In 1992 Bill Mollison and Scott Pittman were invited to teach the first permaculture design course in Brazil. The course was sponsored by the city of Puerto Alegre as a protest to the United Nations Environmental Summit in Rio. The founder of the first Community Supported Agriculture project in the country, Brazilian activist Newton Alano, sponsored the course along with others. This course was attended by many Brazilian and North American activists who are now at the vanguard of the sustainable movement in the region.
Brazil is a very progressive country, with a strong Permaculture Network. In 2000 and 2001 Scott was invited to teach two EcoVillage Training courses, to initiate an intentional community with a focus on permaculture. Ecovila Barus, located near the small colonial town of Pirenopolis, in the dry region of central Brazil, is a project of the Instituto de Permacultura e Ecovilas do Cerrado. That course included architects, city planners, regional planners, and other design professionals whose class project was to develop a design for Ecovila Barus. Now Ecovila Barus is a sustainability training center, perhaps the most influential in the whole country, with focus on permaculture, natural building, appropriate technology and ecovillage design.
In Manaus, northern Brazil, several sites are worth visiting.
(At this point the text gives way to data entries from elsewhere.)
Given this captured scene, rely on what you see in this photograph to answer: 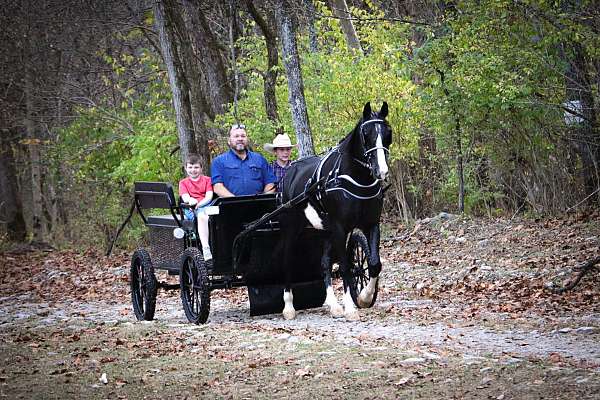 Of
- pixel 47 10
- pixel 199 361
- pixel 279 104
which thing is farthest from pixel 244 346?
pixel 47 10

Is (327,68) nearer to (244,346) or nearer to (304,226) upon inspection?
(304,226)

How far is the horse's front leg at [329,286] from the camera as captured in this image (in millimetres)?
11766

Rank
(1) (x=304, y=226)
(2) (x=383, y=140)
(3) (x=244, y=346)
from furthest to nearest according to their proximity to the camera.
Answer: (1) (x=304, y=226) < (2) (x=383, y=140) < (3) (x=244, y=346)

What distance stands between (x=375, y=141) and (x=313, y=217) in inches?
52.1

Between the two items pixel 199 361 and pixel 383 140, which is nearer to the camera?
pixel 199 361

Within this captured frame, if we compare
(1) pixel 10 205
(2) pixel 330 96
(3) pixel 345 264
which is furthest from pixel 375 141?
(1) pixel 10 205

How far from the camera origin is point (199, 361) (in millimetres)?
9344

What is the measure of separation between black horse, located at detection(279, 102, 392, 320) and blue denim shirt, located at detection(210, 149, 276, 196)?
912 mm

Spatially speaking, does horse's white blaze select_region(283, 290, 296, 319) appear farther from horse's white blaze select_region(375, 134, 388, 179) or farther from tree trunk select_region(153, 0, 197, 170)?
tree trunk select_region(153, 0, 197, 170)

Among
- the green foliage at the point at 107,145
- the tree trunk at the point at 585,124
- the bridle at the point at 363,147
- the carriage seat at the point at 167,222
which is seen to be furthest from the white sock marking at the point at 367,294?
the green foliage at the point at 107,145

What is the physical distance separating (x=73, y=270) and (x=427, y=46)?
8760 millimetres

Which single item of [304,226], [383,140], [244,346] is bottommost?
[244,346]

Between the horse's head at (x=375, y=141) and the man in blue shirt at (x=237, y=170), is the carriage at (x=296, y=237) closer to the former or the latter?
the horse's head at (x=375, y=141)

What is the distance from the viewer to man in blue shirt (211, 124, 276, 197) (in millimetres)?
12477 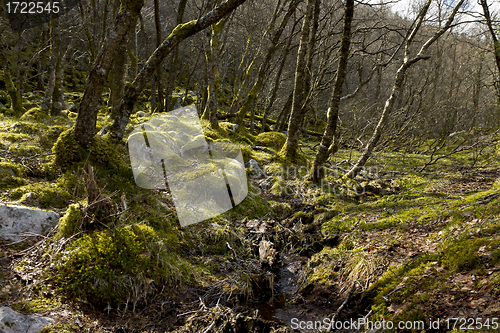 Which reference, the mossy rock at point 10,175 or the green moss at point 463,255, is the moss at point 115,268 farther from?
the green moss at point 463,255

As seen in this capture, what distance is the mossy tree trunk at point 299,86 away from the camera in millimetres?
7842

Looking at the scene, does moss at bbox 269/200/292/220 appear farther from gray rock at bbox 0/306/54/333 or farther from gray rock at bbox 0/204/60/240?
gray rock at bbox 0/306/54/333

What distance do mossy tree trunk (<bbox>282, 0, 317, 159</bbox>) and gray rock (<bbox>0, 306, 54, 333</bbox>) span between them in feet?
23.9

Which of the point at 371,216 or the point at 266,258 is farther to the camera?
the point at 371,216

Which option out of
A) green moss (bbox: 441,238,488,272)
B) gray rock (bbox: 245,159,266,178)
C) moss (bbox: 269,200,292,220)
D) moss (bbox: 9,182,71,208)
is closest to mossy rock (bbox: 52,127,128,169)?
moss (bbox: 9,182,71,208)

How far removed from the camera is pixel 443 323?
7.52 ft

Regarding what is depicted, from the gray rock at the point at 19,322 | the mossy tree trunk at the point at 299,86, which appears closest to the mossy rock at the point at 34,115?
the gray rock at the point at 19,322

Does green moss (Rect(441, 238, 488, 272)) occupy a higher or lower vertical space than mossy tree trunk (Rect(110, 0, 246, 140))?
lower

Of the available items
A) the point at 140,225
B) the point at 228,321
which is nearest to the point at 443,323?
the point at 228,321

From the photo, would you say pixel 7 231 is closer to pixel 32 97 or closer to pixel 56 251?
pixel 56 251

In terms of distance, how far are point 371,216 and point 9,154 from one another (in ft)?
23.1

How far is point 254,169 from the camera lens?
8.28 metres

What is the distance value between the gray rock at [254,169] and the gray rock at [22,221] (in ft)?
17.4

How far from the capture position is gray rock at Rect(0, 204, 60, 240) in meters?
3.30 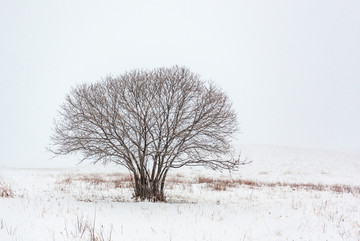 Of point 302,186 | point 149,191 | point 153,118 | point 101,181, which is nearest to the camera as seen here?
point 153,118

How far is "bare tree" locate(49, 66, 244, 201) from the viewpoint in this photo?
35.5 ft

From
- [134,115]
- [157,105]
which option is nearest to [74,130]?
[134,115]

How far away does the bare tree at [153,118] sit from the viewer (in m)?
10.8

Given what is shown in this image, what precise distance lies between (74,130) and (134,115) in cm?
272

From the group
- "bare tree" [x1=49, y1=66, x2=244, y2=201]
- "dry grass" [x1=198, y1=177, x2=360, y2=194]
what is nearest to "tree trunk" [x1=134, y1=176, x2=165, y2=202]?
"bare tree" [x1=49, y1=66, x2=244, y2=201]

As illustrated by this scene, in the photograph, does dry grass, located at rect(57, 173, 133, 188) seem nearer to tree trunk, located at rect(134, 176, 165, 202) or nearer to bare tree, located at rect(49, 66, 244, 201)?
tree trunk, located at rect(134, 176, 165, 202)

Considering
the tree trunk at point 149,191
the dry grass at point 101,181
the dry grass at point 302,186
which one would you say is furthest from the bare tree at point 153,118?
the dry grass at point 101,181

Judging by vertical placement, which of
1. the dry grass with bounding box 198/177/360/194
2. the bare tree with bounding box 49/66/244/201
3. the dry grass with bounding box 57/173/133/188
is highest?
the bare tree with bounding box 49/66/244/201

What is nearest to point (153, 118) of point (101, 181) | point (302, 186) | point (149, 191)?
point (149, 191)

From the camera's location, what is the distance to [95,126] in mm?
11531

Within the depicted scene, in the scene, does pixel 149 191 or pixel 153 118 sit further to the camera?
pixel 149 191

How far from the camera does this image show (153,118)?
36.8 ft

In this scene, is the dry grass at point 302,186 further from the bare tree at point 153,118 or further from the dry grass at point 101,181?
the bare tree at point 153,118

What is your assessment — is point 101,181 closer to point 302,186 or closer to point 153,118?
point 153,118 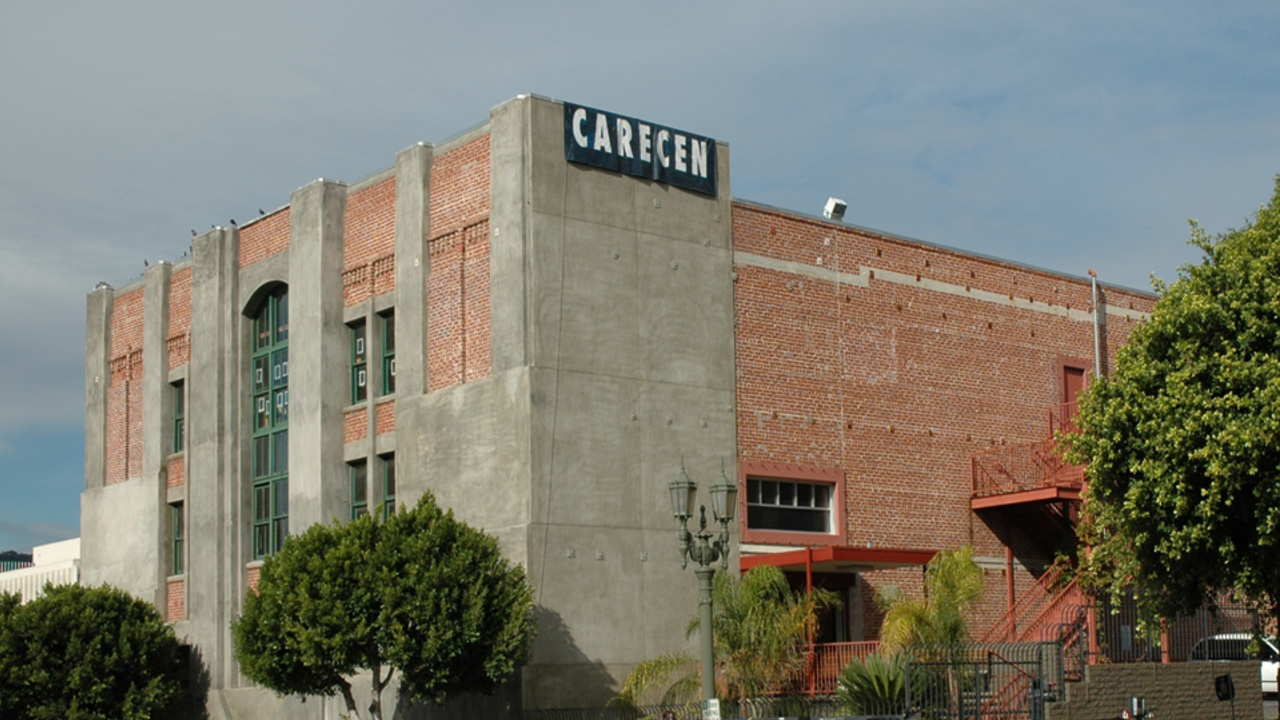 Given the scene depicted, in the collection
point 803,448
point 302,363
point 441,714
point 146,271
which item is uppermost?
point 146,271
One, that evoked considerable admiration, was the home of former priest and present time beekeeper, located just outside of Manaus.
Built in the equatorial tropics of Amazon region, his small house is a combination of floating garden (chinampa), productive food forest and beehive. Local bees are very different from the ones we know in colder climates – for one, they don’t sting, and are considerably smaller. The native bee produces smaller quantities of pleasantly tasting honey. The beekeeper’s family shares their home with multiple hives of these sweet-natured, hard-working creatures. In fact, while visiting their home, one may observe that the beams of the house and the garden furniture were all occupied by the bees, which seemed to participate in any conversation. There was also plenty of room for the European and African bees who foraged on different flora and that there is no competition for pollen and nectar.
IPA or Instituto Permacultura da Amazonas is a demonstration site on the Amazon river in Manaus that gives examples of sustainable solutions in humid tropics. Their work has been ground breaking for the tropics since 1997. Here at IPA one can experience examples of composting, vermiculture, alley cropping, aquaculture, small animal husbandry and plant propagation. Here they have proven that one can obtain livelihood in the tropical forests without destroying the ecosystem.